YOUR INSTRUCTIONS
From the line with "Before joining the" through the line with "While in Point", repeat the entries verbatim, both end lines included, and add nothing.
"""
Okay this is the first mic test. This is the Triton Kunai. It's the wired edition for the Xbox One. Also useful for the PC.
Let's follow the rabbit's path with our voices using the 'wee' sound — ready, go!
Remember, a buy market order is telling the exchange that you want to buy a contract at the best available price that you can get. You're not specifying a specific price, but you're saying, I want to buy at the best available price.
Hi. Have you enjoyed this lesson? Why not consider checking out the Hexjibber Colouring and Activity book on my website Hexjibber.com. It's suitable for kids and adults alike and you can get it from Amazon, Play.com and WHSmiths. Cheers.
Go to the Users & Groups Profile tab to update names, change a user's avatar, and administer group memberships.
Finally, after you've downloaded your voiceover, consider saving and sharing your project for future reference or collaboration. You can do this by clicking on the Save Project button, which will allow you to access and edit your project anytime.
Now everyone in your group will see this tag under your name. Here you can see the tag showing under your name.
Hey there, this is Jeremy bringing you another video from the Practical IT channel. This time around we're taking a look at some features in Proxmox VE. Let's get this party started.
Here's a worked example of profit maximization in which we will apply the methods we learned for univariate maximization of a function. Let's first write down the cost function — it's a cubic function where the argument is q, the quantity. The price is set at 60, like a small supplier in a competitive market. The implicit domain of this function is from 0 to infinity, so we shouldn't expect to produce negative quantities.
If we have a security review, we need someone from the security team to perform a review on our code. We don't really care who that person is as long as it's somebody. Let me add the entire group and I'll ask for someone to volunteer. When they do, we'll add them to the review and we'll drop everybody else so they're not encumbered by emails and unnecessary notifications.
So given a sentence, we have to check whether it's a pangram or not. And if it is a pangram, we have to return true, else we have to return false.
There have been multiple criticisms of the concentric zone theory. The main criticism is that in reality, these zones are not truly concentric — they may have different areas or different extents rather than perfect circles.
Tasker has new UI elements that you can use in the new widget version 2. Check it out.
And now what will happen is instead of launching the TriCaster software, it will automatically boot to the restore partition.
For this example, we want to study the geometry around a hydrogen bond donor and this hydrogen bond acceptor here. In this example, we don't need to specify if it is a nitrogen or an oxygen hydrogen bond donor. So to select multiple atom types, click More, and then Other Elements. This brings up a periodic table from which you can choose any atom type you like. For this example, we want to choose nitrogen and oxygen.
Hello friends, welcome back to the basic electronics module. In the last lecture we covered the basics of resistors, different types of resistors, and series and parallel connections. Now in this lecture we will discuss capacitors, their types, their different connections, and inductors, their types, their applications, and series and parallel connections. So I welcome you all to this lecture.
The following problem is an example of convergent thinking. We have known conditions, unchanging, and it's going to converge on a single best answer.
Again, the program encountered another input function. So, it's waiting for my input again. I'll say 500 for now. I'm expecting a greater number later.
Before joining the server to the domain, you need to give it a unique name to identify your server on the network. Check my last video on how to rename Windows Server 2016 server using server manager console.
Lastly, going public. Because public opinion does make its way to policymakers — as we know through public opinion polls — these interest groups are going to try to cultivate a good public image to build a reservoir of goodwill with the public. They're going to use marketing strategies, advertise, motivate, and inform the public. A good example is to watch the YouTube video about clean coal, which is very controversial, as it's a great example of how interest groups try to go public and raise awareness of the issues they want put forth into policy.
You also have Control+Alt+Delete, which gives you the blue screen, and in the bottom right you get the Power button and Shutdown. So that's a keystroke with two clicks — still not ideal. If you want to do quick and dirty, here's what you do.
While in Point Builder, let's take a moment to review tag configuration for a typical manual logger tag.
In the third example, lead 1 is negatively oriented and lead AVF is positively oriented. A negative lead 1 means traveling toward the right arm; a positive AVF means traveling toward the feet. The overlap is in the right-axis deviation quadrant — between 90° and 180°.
"""
TASK RESULT
Before joining the server to the domain, you need to give it a unique name to identify your server on the network. Check my last video on how to rename Windows Server 2016 server using server manager console.
Lastly, going public. Because public opinion does make its way to policymakers — as we know through public opinion polls — these interest groups are going to try to cultivate a good public image to build a reservoir of goodwill with the public. They're going to use marketing strategies, advertise, motivate, and inform the public. A good example is to watch the YouTube video about clean coal, which is very controversial, as it's a great example of how interest groups try to go public and raise awareness of the issues they want put forth into policy.
You also have Control+Alt+Delete, which gives you the blue screen, and in the bottom right you get the Power button and Shutdown. So that's a keystroke with two clicks — still not ideal. If you want to do quick and dirty, here's what you do.
While in Point Builder, let's take a moment to review tag configuration for a typical manual logger tag.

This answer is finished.